ケース4 「アベノミクスの労働政策 - 限定正社員制度のおハナシ」
現在、安倍首相は、「アベノミクス」「三本の矢」などと銘打って、経済政策を推し進めようとし、パフォーマンス的にではありますが、労働者の賃上げをするよう財界に要求しました。
(財界は及び腰どころか、何よりも雇用の確保と安定が最優先で「ベースアップ(ベア)実施の余地なし」と米倉会長が講演で強調する等、全く効果なし。)
その一方で、これまでの規制を緩める政策も議論されており、
(1)限定正社員制度の導入
(2)裁量労働制等の拡大
は特に問題です。
(1)の限定正社員とは、「職種や勤務地・勤務時間等を限定した正社員」で、これは、転勤できない女性労働者などに正社員登用の道を開くものと説明されていますが、実際には多くの大企業において、勤務地等を限定した正社員制度というものは既に存在してます。
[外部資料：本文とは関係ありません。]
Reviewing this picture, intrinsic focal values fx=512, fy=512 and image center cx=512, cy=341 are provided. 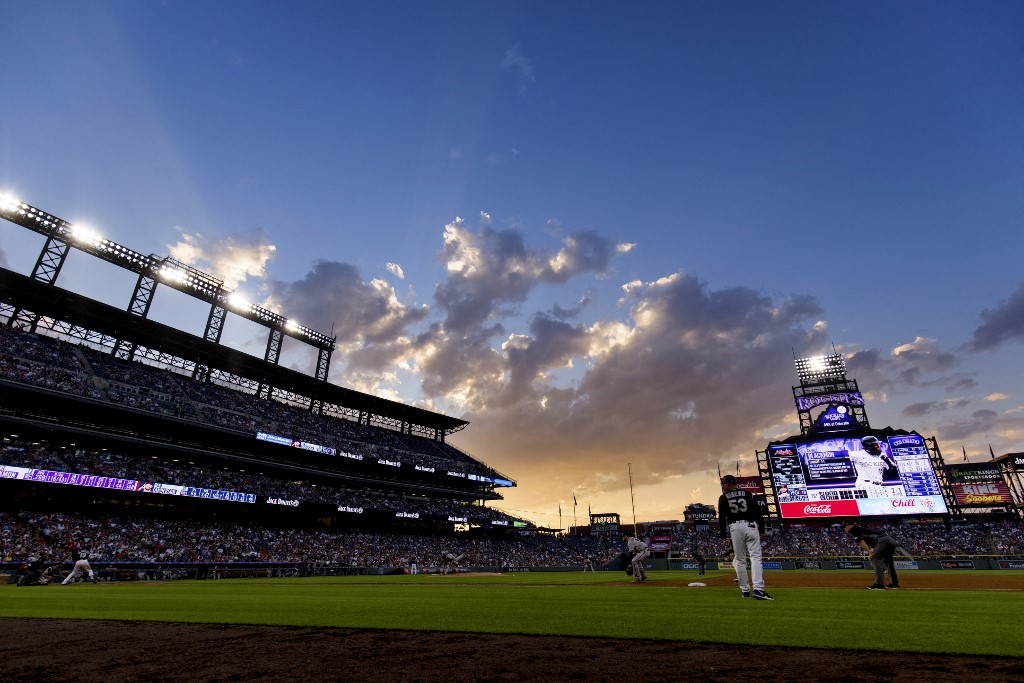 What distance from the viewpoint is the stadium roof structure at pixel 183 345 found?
41.8m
ではなぜ、わざわざ改めて法律で定める必要があるのでしょうか?
それは、現在経済政策として議論されている限定正社員制度の本質というのが、正社員の賃金を下げ、かつ正社員を『解雇しやすい』ものにするという、正社員登用の拡大どころか、現役正社員の将来の道をも閉ざしかねない制度を作るためだからなのです。
例えば、限定した勤務場所を会社の方針で閉鎖なりした場合には、閉鎖のみを理由にして当該労働者を解雇することができるようになり、企業(財界)にとっては、今まで以上に自分達に都合良く、人減らし&人件費削減ができる状況を簡単に作り出せるようになる訳です。
また財界は、将来的には、従来型の正社員が1割、限定正社員が8割、非正規社員が1割となる労働者バランスを目標に掲げていますが、非正規社員を減らして正社員登用を増やしたように見せかけて、実際には従来の正社員を、解雇しやすく、今までよりも賃金を抑えた「ほぼ非正規社員」ぽい正社員にして体裁を整えたいだけであり、財界は非正規雇用の問題解決を本気でやろうとは、これっぽっちも考えていない事は明白です。
また、残り1割となる従来型の正社員に対しても(2)の裁量労働制などの拡大により、残業代を払わずに、今まで以上に労働者をこき使う気マンマンといった企業側の思惑が見て取れて、非常にうんざりします。
「アベノミクス」の労働政策、これでは私たちの生活が良くなるはずはありませんね・・・。